Coup de frein pour les TPE des services et du logiciel
02/02/2010

Licencier ? Une solution pour… 4 % des sociétés
Simple état grippal donc ? C’est en tout cas ce que s’efforcent de croire les TPE des services et du logiciel. Elles sont ainsi plus nombreuses à estimer que 2010 sera un crû favorable qu’une nouvelle année de crise (voir graphique ci-contre). "Nos adhérents sont optimistes, car les prospects sont là, et on sent un frémissement de l’activité en ce début d’année", relève le secrétaire général du 3SCI. Preuve de ce volontarisme : pour affronter la crise, les TPE de l’IT misent avant tout sur leur capacité à trouver de nouveaux débouchés ou à augmenter leur activité commerciale. Elles ne sont que 4 % à affirmer se tourner vers des licenciements ou du chômage partiel pour passer ce mauvais cap.

LME, Oseo : des mesures inefficaces ou mal connues
D’autant que, parmi les TPE des logiciels et des services, les mesures prises par le gouvernement montrent leur inefficacité.

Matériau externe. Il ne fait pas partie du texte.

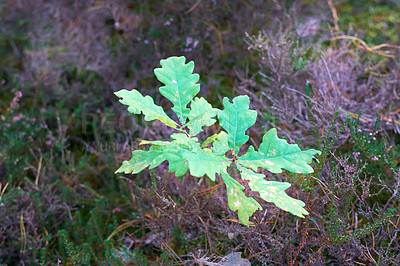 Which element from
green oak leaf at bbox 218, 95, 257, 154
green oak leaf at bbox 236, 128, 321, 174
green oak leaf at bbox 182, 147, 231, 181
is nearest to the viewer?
green oak leaf at bbox 182, 147, 231, 181

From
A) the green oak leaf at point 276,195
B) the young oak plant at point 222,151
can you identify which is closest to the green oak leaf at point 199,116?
the young oak plant at point 222,151

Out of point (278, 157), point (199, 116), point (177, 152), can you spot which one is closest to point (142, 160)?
point (177, 152)

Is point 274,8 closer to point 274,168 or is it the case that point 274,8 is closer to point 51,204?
point 274,168

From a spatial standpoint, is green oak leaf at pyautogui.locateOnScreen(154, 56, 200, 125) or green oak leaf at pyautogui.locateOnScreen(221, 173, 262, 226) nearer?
green oak leaf at pyautogui.locateOnScreen(221, 173, 262, 226)

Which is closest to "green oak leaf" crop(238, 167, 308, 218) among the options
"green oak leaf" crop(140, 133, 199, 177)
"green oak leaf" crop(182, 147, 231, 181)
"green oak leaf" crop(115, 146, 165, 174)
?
"green oak leaf" crop(182, 147, 231, 181)

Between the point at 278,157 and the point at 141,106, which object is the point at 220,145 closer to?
the point at 278,157

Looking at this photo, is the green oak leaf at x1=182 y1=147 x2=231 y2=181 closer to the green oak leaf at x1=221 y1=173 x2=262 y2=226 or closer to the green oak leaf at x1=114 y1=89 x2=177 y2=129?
the green oak leaf at x1=221 y1=173 x2=262 y2=226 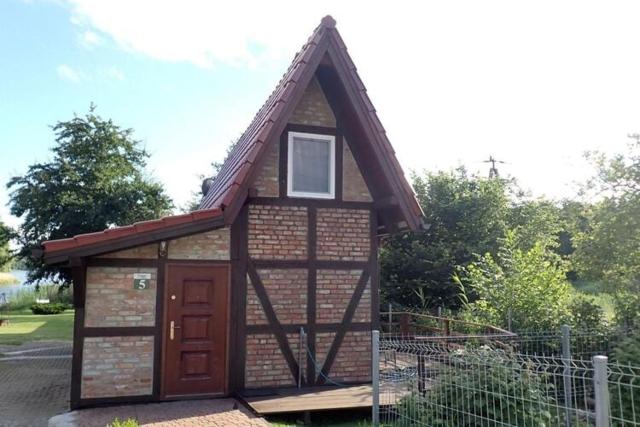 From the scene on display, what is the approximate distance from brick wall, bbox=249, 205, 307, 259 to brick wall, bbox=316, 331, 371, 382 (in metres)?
1.58

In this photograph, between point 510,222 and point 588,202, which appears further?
point 510,222

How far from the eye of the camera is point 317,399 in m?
8.02

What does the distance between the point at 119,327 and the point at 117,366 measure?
1.94 feet

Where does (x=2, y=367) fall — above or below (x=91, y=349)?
below

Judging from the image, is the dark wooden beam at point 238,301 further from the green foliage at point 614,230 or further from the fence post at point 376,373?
the green foliage at point 614,230

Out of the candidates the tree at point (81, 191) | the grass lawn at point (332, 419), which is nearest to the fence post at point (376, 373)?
the grass lawn at point (332, 419)

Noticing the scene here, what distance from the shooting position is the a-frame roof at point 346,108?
Answer: 8.56m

Ainsi de la Loi de modernisation de l’économie (LME), dont un volet prévoyait de raccourcir les délais de paiement afin de protéger la trésorerie des petites structures notamment. "Cette loi a été inefficace. Quand un de nos adhérents réalise 3 ou 4 % de son CA avec un client, il évite de le braquer en lui demandant un raccourcissement de délais de paiement, observe Olivier Bouderand. La loi a même eu des effets pervers, en incitant des clients qui payaient rapidement à rallonger leurs délais". De facto, lors du sondage effectué à l’automne, 51 % des entreprises interrogées affirmaient observer un allongement des délais de paiement par rapport à 2008. Elles n’étaient que 7 % dans le cas contraire ! Remarquons d’ailleurs que le Syntec Informatique, le syndicat patronal qui représente plutôt les "grandes" SSII et les éditeurs, s’était lui aussi élevé contre les effets pervers de cette loi.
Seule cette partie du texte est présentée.